Second solution: using lambda for shorter syntax. While working and short, it does not quite look right (see edit1 below.)
def json(name): return property(lambda self: self.get(name))
class Group(JsonDataWrapper):
def __init__(self, data):
super().__init__(data)
self.group_members = [] # elements are of type(User). edit1, was self.members = []
id = json('id')
description = json('description')
name = json('name')
description_format = json('description_format')
(Naming this function 'json' is not a problem, since I don't import json there.)
I have a possible third solution in mind, that I cant quite wrap my head around: overriding the property builtin, so I can define a decorator that wraps the returned field name for lookup:
#json # just like a property fget
def short_name(self): return 'short_name'
That could be a little shorter, dunno if that makes code better.
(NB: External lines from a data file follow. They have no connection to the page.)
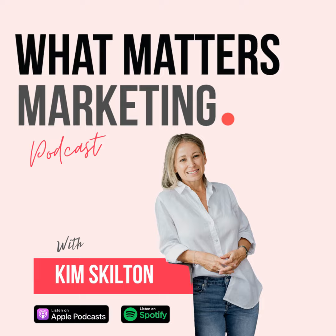Welcome to the What Matters Marketing Show, hosted by Kim Skilton. This is your place to be inspired, to learn, and to build the business of your dreams with actionable marketing tools, tips, and resources.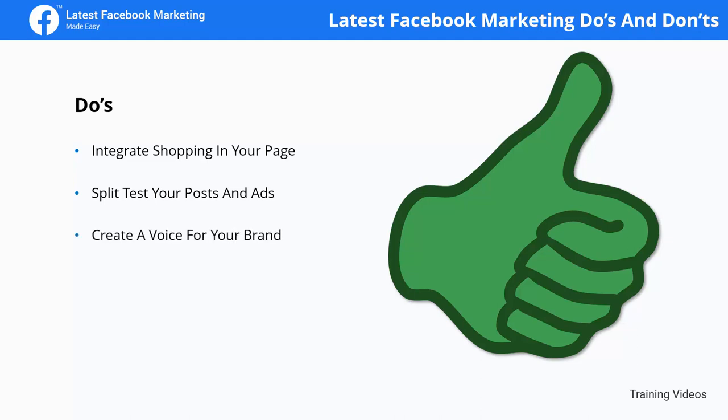Create a voice for your brand. Develop a unique voice for your brand. This can be in the form of the type of visuals you post or the way you compose your posts. In short, develop a way for your audience to recognize your brand anywhere.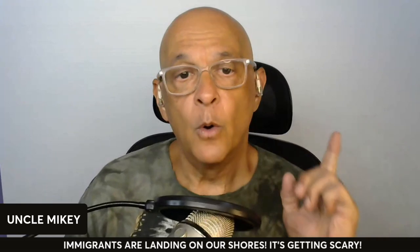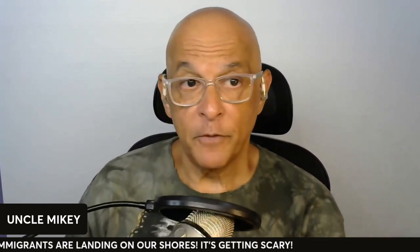Whoever you are, whoever you may be, have no fear — Uncle Mikey's here. Check out some of my other videos. I appreciate your time. Be aware, and get going. We'll see you on the next video.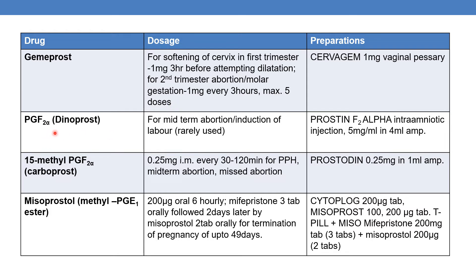The next drug is PGF2α, which is nothing but dinoprost. The marketed product is Prostin F2α intra-amniotic injection, available as 5mg per ml in a 4ml ampoule. It is used for mid-term abortion or induction of labor, though it is rarely used.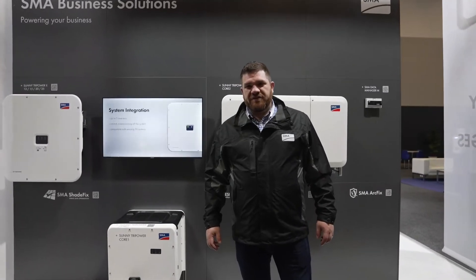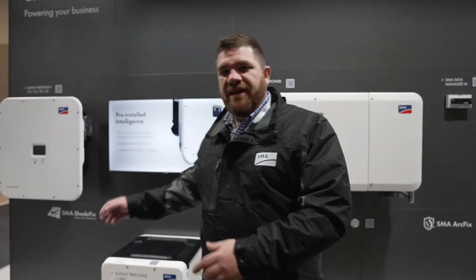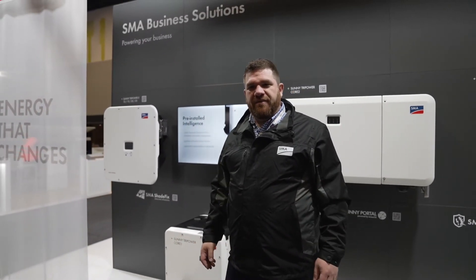We've also got our commercial product on display here. We've got our Core 2 product, our Core 1 product, and the much-anticipated STPX product. We've got our whole sales team down here at the moment, so come down to Energy Next over the next two days and come and have a chat to us about what our commercial product can do for your commercial requirements.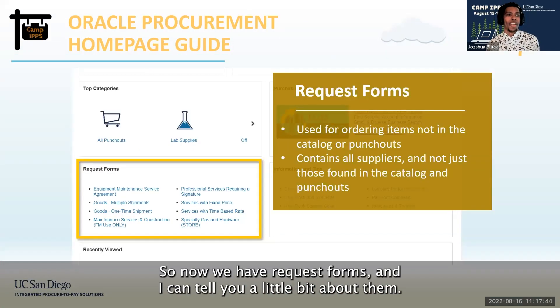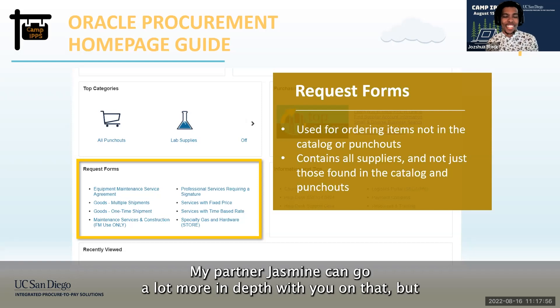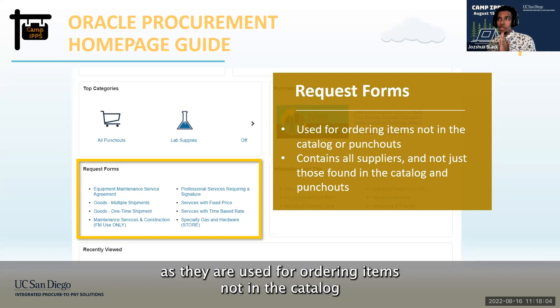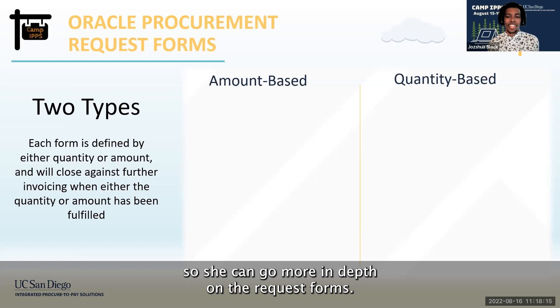Now we have request forms. There are two types: amount-based and quantity-based. Request forms are best for non-agreement suppliers, as they are used for ordering items not in the catalog or punch-outs. I'll pass it back to Jasmine so she can go more in depth on request forms.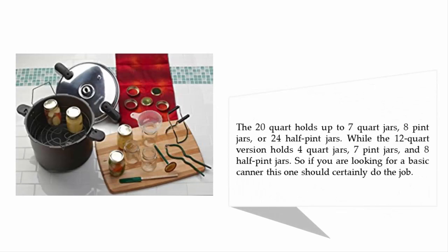The 20-quart holds up to 7 quart jars, 8 pint jars, or 24 half-pint jars, while the 12-quart version holds 4 quart jars, 7 pint jars, and 8 half-pint jars. So if you are looking for a basic canner, this one should certainly do the job.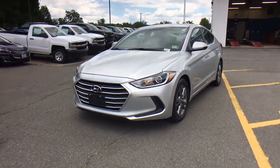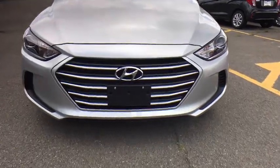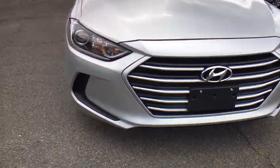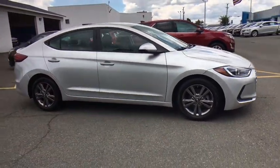2018 Hyundai Elantra. The Elantra boasts the most interior room in its class and gets an exceptional 35 mpg. With its luxurious standard features, the Elantra is an easy choice.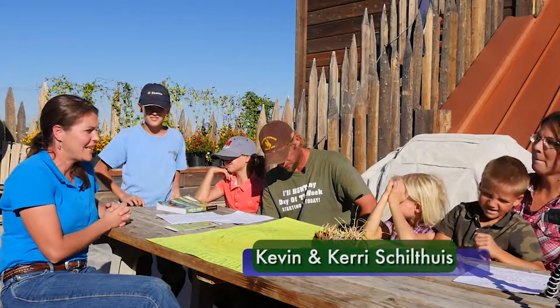We're here outside of Lovell, Wyoming today at Fort Causeway, visiting with Kevin and Carrie Schultes and their family. Tell us a little bit about what your basic production cycle is here on the farm.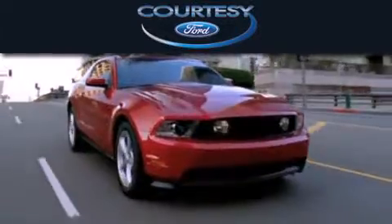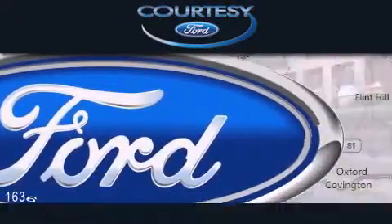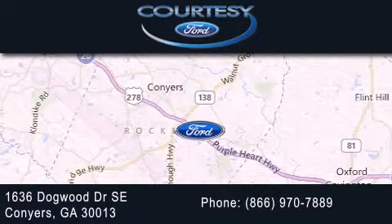Cartesi Ford is dedicated to doing everything possible to ensure that the experience you have selecting your next vehicle is as pleasant as possible. We're located at 1636 Dogwood Drive Southeast in Conyers.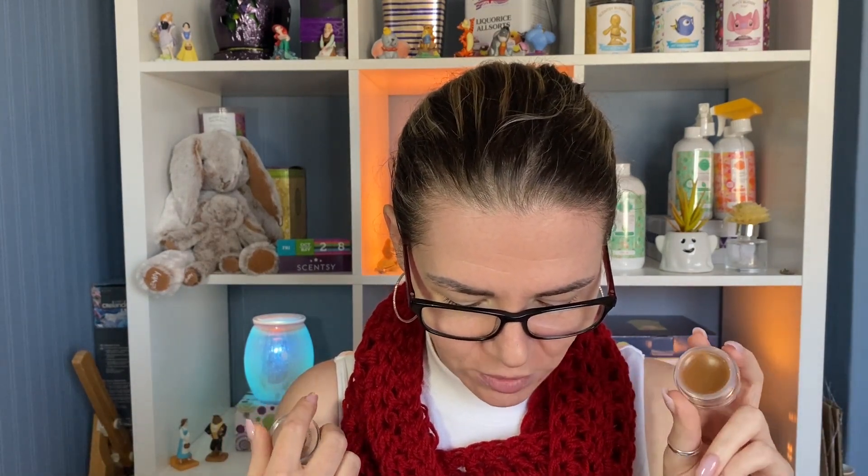Then we have one of our bestsellers — and it is Hug in a Mug, which is one of my favourites. It just smells like chocolate. It is curl up with chocolate, hazelnut and cookie dough, and that is exactly what it smells like. Chocolate, hazelnut, cookie dough. And it's just yummy. Absolutely love Hug in a Mug.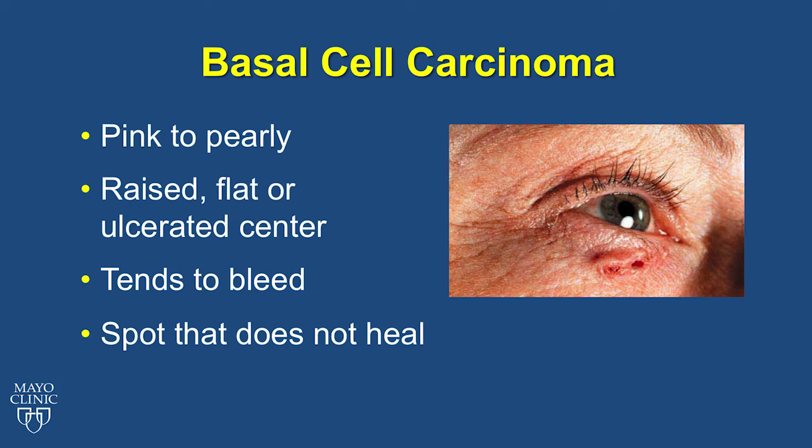Basal cell carcinoma, also called BCC, is pink to pearly in color. It may be a raised bump, flat, or ulcerated. The picture shows a basal cell carcinoma beneath the person's eye. This type of skin cancer tends to bleed and does not heal.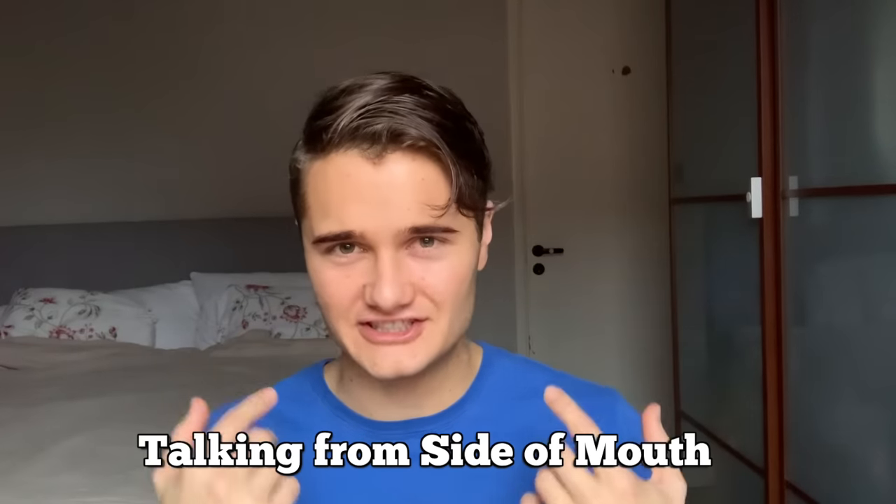Habit three: talking out of the side of your mouth. Have you ever seen someone talk like this — out of the side of their mouth? Have you considered that you might do that? I didn't realize I did it until a few months ago. If you point your mouth in one direction whenever you're talking, of course that's going to train the muscles in your face to start aiming that way. This one can create asymmetry very slowly and it's really hard to correct.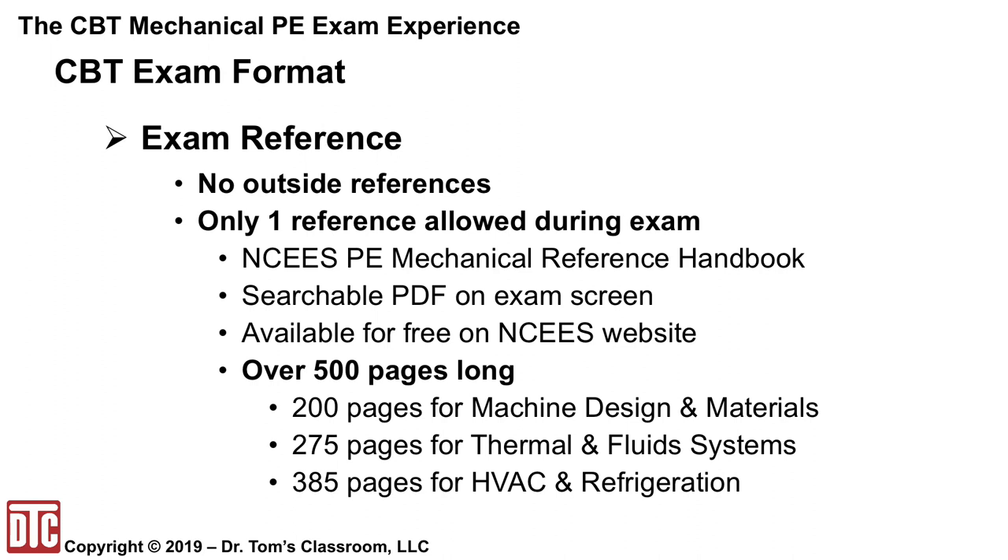Another key to success will be addressing the many gaps in the reference handbook — you're going to need to rely on your memory more than ever with this exam. The old Dr. Tom method used assembling reference materials to improve retention of information learned, and the more effort students put into organizing those references, the better they did. But the CBT format essentially makes that effort obsolete, so I've had to devise a new method to help cement these concepts in your memory so they're ready for recall on exam day. This new method will also require a great deal of effort, but will give you a distinct advantage.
Disqualified solutions (IMHO):
JSON{De,En}coder: kills all flexibility, provide no means of read-only attributes
__{get,set}attr__: makes it impossible to determine attributes before runtime. While it whould shorten self.get('id') to self['id'] it whould also further complicate matters where an attribute was not in the underlying json data.
Thank you for reading!
Edit 1: 2016-07-20T08:26Z
To further clarify (#SuperSaiyan) why I don't quite like the second solution:
I feel the lambda function is completely disconnected from the rest of classes semantics (which is also the reason why it is shorter :D). I think I can help myself liking it more by properly documenting the decision in the code. The first solution is easy to understand for everybody who understands the meaning of #property without any additional explaination.
On the second comment of #SuperSaiyan: Your question is, why I put Group.members as attribute in there? The list stores type(User) entities, might not be what you think it is, I changed the example.
#jwodder: I will use Code Review next time, did not know that was a thing.
(Also: I really think the Group.members threw some of you off, I edited the code to make it a little more obvious: Group members are Users that will be added to the list.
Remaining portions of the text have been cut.